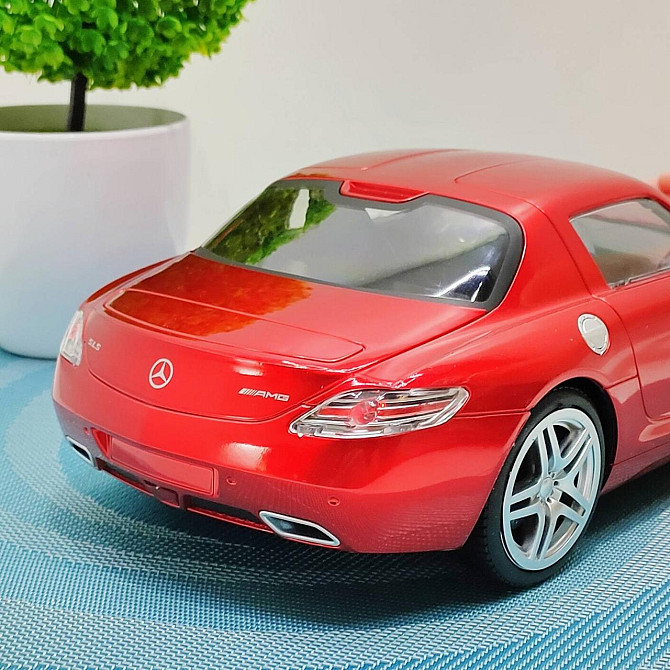 Машинка на радіокеруванні Mercedes-Benz SLS гумові колеса світло Червона (2024A) Чернігів - фото 9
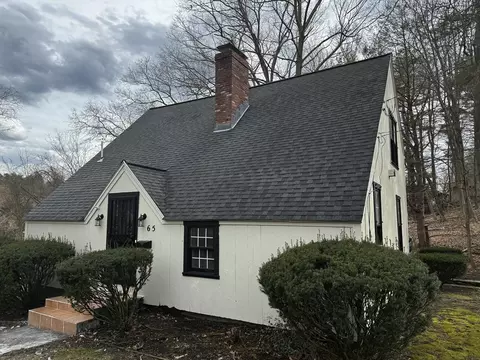 65 Larch St, Clinton, MA 01510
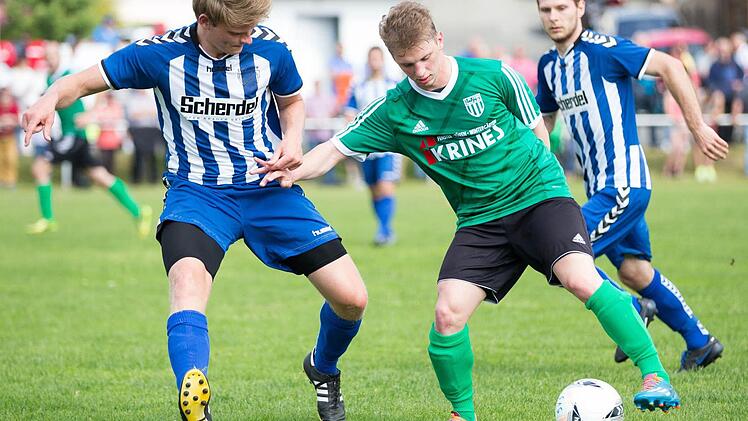 Mit Sven Wieczorek (r.) fällt ein weiterer Sander Offensivspieler aus. Der ehemalige Regionalliga-Spieler hat Probleme mit der Patella-Sehne. Foto: Günther Geiling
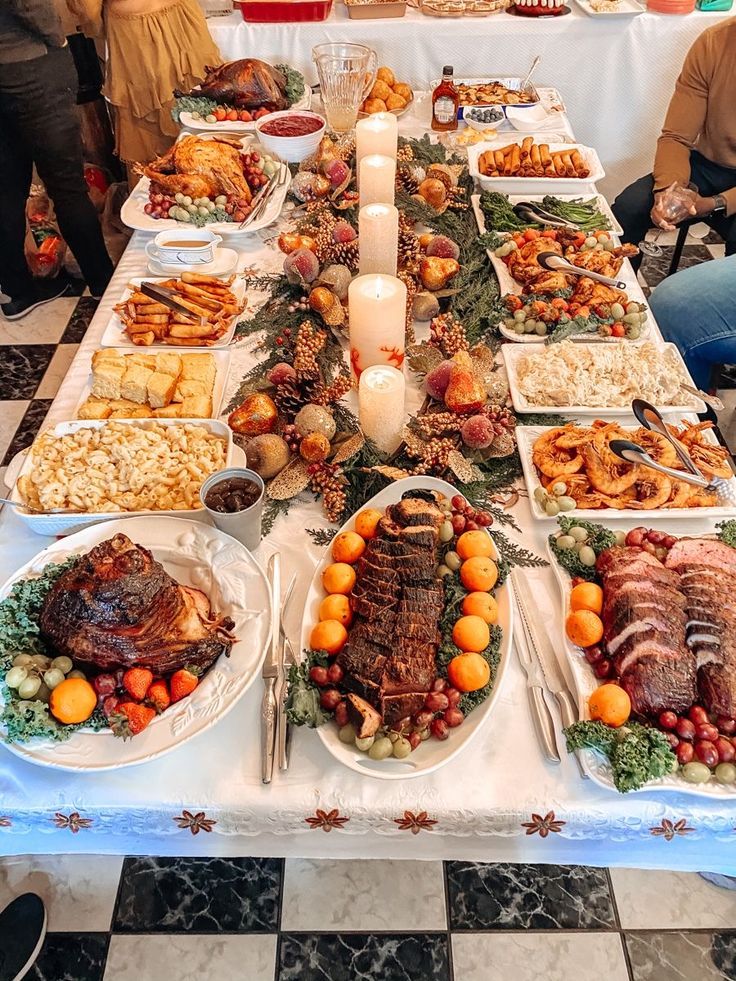 Friendsgiving-Grazing-Dinner
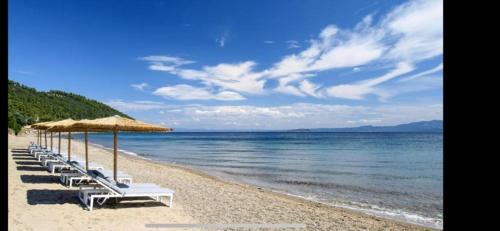 Maisonette with Sea View & Pool in Paliouri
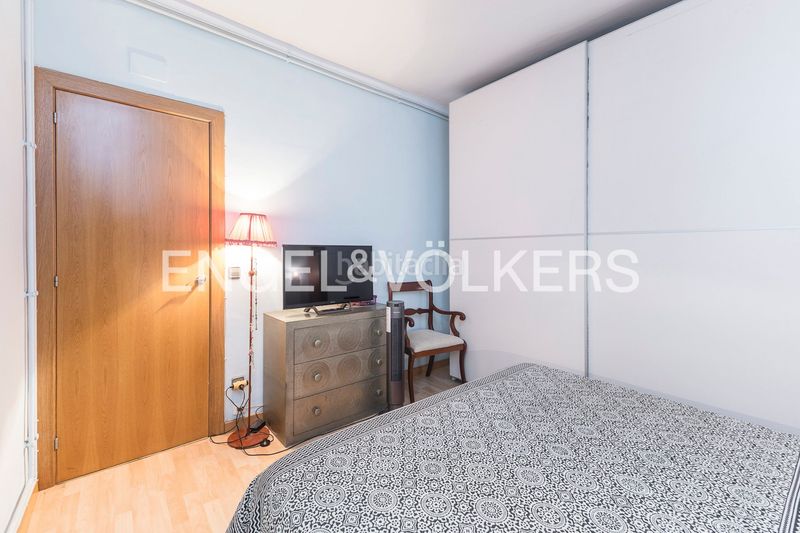 Foto 0c9fa4dd-387e-40a3-a983-18e596a4b53c. Pis amb calefacció aparcament a Putget - Farró Barcelona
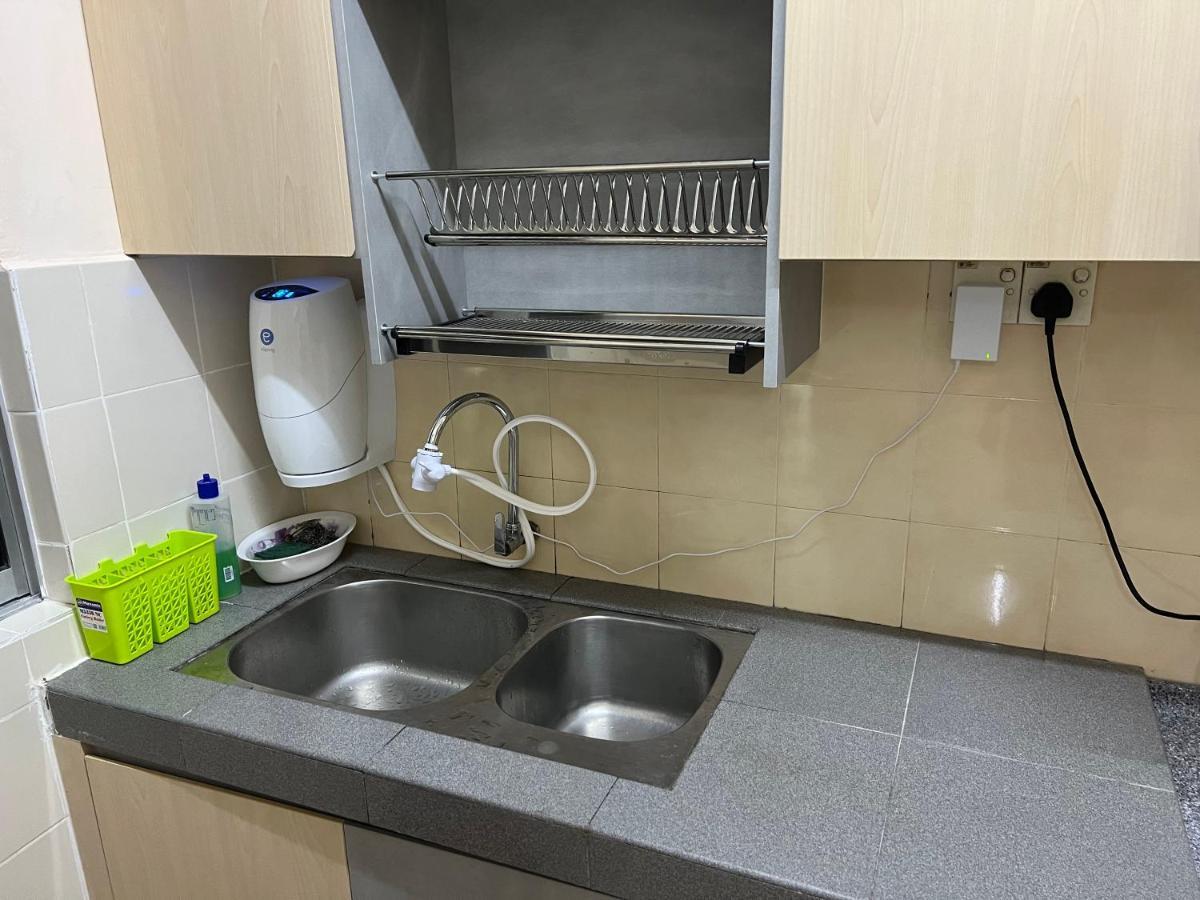 D'Lestari Homestay Seri Kembangan Exterior photo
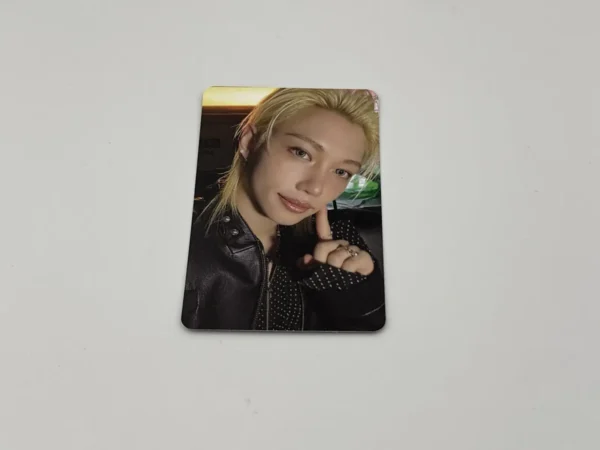 Stray Kids "DO IT" - Apple Music Photocard FELIX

•••••

**TASK**
Excluding pictures, copy exactly the lines from the line containing "Foto 0c9fa4dd-387e-40a3-a983-18e596a4b53c. Pis" through the last line of the data, inclusive.

**SOLVED EXERCISE**
 Foto 0c9fa4dd-387e-40a3-a983-18e596a4b53c. Pis amb calefacció aparcament a Putget - Farró Barcelona
 D'Lestari Homestay Seri Kembangan Exterior photo
 Stray Kids "DO IT" - Apple Music Photocard FELIX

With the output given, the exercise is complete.